En final, et à la demande insistante d’Algériens installés au Canada, Benaissa a repris le texte de la réponse faite par son grand-père (Djeddi), dans sa célèbre pièce “Babour Eghrak”, une autre oeuvre qui a fait sa notoriété dans les années 1970.
“Encore une fois, le thème récurant de la réappropriation de notre identité dans toute sa diversité et sa richesse se retrouve sous la plume incisive du dramaturge qui exorcise nos maux et notre douleur”, note encore un spectateur algérien.
Au plan musical, la participation algérienne s’est traduite jusque-là avec le duo de “Oud Mehdi” (algérien) et Smadj (tunisien), le 27 octobre, des virtuoses qui en transformant le luth en instrument électronique ont subjugué les spectateurs par cette nouvelle expérimentation musicale.
Quelques jours après, c’était au tour de la chanteuse Khalida, accompagnée au piano, d’interpréter des chansons du répertoire algérien, se permettant le luxe d’interpréter en arabe algérien des chansons du répertoire classique français. Le groupe El Ferda de Kenadsa, a donné une “soirée époustouflante”, reprenant le répertoire traditionnel de leur région, mêlant chants mystiques, chants profanes et airs des grands maîtres du haouzi, medh, diwane, gnaoui ou hadra.

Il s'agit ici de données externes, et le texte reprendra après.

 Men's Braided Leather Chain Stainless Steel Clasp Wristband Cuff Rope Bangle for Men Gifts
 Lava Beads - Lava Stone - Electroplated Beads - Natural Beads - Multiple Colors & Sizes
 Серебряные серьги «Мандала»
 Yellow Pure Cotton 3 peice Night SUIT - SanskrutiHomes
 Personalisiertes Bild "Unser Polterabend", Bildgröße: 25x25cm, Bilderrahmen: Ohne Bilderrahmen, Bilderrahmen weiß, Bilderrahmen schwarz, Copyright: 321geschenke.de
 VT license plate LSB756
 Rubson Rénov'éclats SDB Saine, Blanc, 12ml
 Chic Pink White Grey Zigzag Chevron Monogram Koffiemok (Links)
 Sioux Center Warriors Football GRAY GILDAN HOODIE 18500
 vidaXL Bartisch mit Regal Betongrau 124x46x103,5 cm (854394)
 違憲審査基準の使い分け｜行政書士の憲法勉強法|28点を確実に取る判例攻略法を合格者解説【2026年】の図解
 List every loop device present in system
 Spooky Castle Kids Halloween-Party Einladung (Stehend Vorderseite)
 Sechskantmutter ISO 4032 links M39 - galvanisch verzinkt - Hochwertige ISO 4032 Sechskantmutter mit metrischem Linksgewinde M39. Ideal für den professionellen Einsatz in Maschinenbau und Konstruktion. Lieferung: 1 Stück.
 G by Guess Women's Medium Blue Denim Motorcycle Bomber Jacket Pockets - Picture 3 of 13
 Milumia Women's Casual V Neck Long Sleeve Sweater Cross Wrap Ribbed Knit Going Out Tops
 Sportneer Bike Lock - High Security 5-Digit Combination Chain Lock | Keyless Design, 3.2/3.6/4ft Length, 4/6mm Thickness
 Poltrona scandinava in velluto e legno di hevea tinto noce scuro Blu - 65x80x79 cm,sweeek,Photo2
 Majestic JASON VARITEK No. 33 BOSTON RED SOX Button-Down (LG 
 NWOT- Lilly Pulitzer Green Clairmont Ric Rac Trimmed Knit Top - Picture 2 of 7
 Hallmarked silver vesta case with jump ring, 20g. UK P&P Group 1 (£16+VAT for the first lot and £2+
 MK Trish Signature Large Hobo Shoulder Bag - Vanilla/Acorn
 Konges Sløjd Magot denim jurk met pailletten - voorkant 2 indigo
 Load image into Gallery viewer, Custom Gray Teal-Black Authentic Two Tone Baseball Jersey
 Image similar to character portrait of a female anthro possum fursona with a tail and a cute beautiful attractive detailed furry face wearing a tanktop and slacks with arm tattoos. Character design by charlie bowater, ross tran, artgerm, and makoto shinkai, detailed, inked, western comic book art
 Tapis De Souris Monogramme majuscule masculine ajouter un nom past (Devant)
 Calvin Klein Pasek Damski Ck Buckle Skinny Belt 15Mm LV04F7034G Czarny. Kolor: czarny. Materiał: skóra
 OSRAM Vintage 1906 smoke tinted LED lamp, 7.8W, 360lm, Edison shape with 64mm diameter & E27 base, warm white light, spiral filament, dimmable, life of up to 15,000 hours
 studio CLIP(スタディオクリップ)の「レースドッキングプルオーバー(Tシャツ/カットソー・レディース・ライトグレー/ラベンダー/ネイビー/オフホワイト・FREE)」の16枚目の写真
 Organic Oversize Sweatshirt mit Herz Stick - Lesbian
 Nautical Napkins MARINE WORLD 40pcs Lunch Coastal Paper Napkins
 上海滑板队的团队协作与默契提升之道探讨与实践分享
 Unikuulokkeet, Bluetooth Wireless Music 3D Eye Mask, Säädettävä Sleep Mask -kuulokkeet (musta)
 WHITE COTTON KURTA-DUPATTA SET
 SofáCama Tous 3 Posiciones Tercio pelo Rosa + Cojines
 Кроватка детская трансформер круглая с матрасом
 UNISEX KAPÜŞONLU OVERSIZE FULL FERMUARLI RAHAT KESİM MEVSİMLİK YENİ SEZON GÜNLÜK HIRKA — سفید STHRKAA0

Faisant preuve d’une grande maîtrise de la voix, des instruments (guembri, djembé, derbouka, violon, aoud, bendir, banjo, mehraz, soussanà) et d’un texte touchant aux différents genres présents dans la Saoura et une partie du sud algérien, le groupe El Ferda, constitué en 1991-92 et dirigé par Hocine Zaidi, a ressuscité un passé musical qui a longtemps fait la richesse des cités glorieuses du sud algérien.
La troupe, qui s’est produite récemment en France, Espagne, Libye et prépare une prochaine tournée en Tunisie, a déjà sur le marché un CD et prépare un second pour début 2007, dira a l’APS son leader.
“Les différents publics québécois ont apprécié la participation algérienne à ce festival, organise avec le soutien du Consulat général d’Algérie à Montréal et de la télévision algérienne, car chaque fois les spectacles ont fait salle comble”, dit simplement un des organisateurs du FMA, auquel l’Algérie participe pour la troisième année consécutive.